Friday, 14 July 2017

Inspiration: Do Ho Suh


I was fortunate enough to be able to see his solo exhibition at the Victoria Miro and it really blew me away. Some of his ideas and execution of those ideas, the ways in which his pieces could be perceived and understood, as well as techniques he has used resonate with what I am interested in.

It is with the same elegant economy of conceptual means, focusing on simple yet transformative acts of repetition, that Suh treats the complex psychological and physical architectural structures of the concept of 'home'. In work for which he is widely known, the artist meticulously constructs proportionally exact replicas of dwelling places, architectural features, or household appliances – kitchen sinks, toilets and microwaves – from stitched planes of translucent, coloured polyester fabric. Often reflections of places the artist has inhabited, such as his childhood home or Western apartments, these delicately precise, weightless impressions seem to exist between imagination and reality. Suh has spoken of the distinctive openness to the environment of Korean homes; more than repositories of personal memory or nostalgic projections, his works respond to the indistinct boundaries between psychic interior and objective exterior, which make of home an ongoing lived function rather than a physical structure.

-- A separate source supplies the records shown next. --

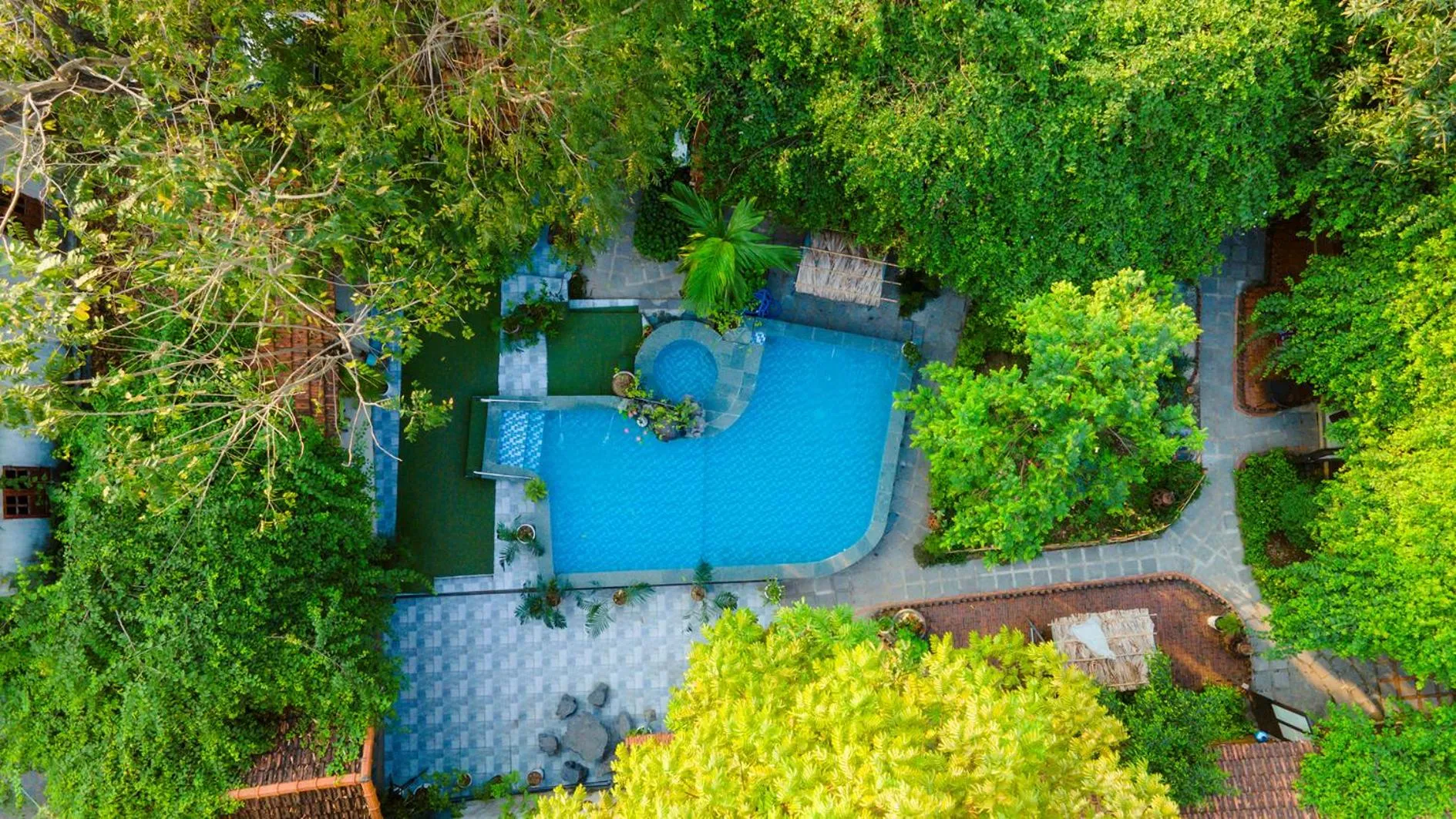 Bird's eye view in Green Peace Bungalow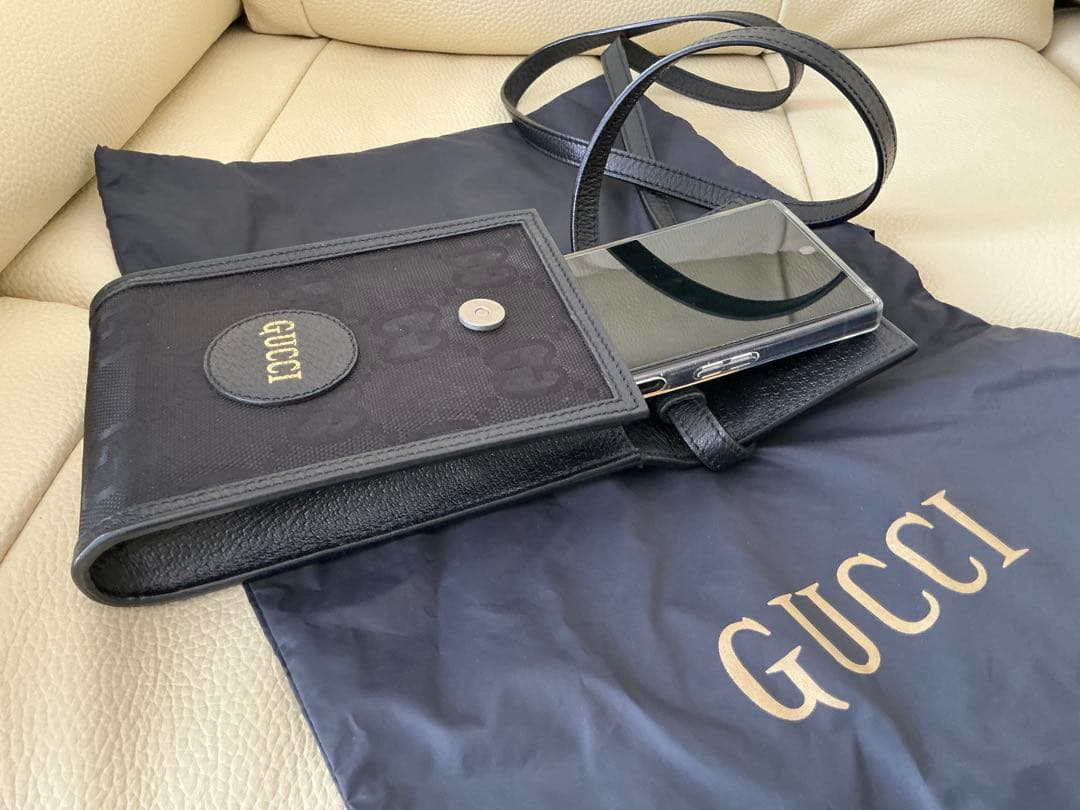 ◾️未使用クラス　GUCCI 男女兼用スマホケース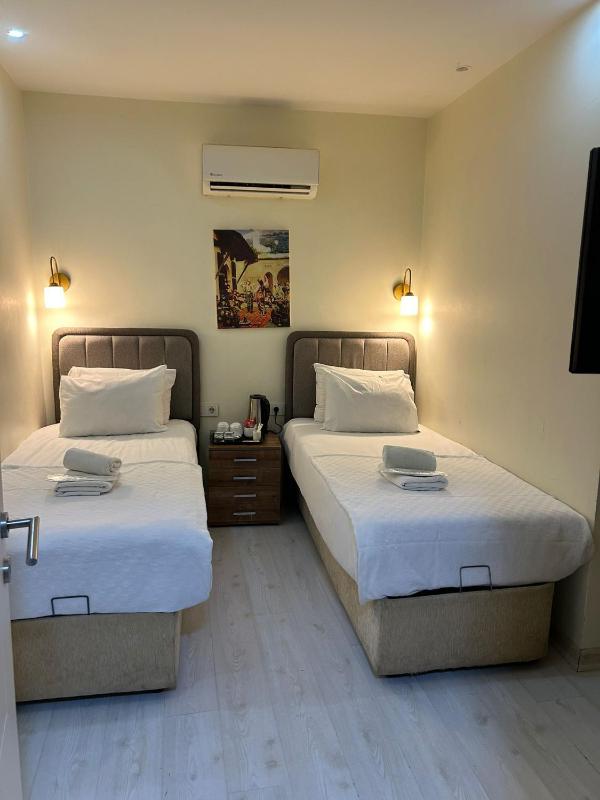 Economy Twin Room image 4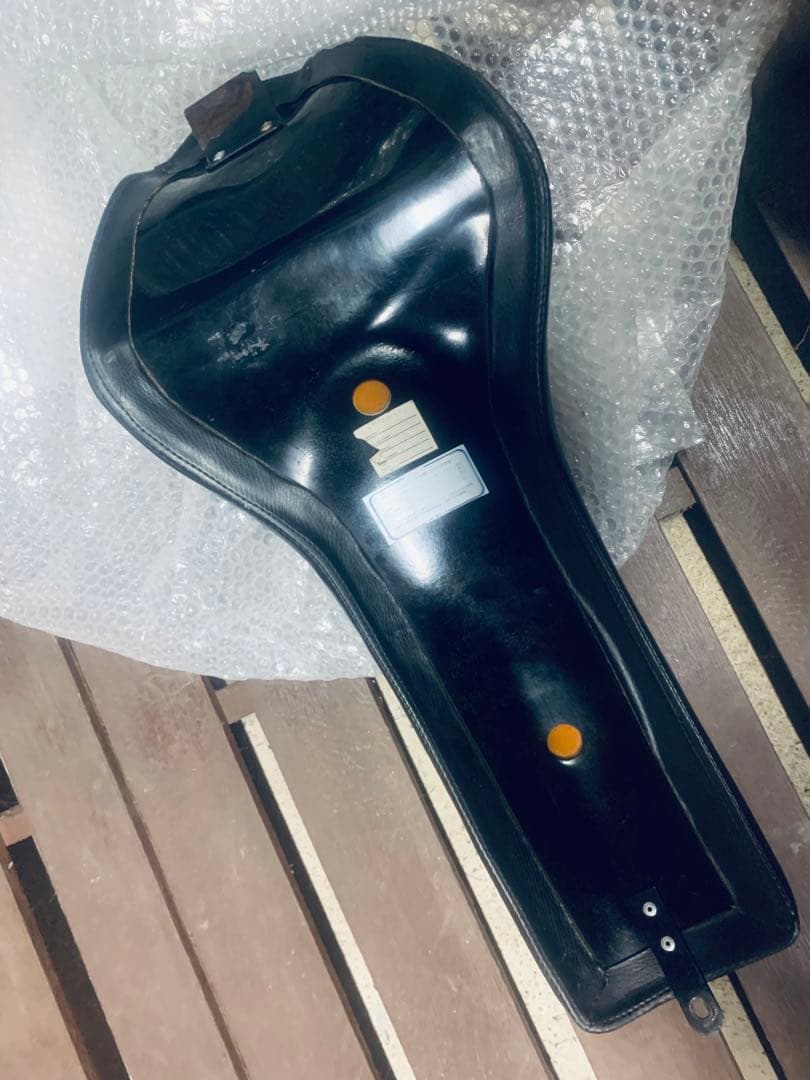 美品】V-TWIN マグナ250用コブラシート・タックロール - メルカリ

His one-to-one scale of physical structures, which was exhibited at the gallery I visited, of passages and corridors of sorts delicately made with translucent fabric gives form to ideas about migration, transience and shifting identities. It was really fascinating to see silhouettes, figurative shapes uniformly meandering through this corridor of colourful polyester fabric when viewing from beyond the installation itself. In this piece though it isn’t his greatest concern, concepts regarding transparency which relates with Lee ByungChul’s theories pervades and exists. It was a totally different way of conveying and playing around with obscuring and revealing things, he made it a multi-sensory experience for the viewer which is something that I aspire to be able to create in the future.

Suh also introduces a new process to produce his large-scale two-dimentional drawings using gelatin tissue sewn in the same way as his architectural fabric pieces. Once immersed in water the gelatin dissolves, leaving behind a trace, a skeletal framework of what the form once was. They are highly visceral works of art, their translucent and ghostly nature making me want to pursue a similar technique when creating surfaces to project onto since there is a distinguishable layered and structured quality to them especially when viewed up close.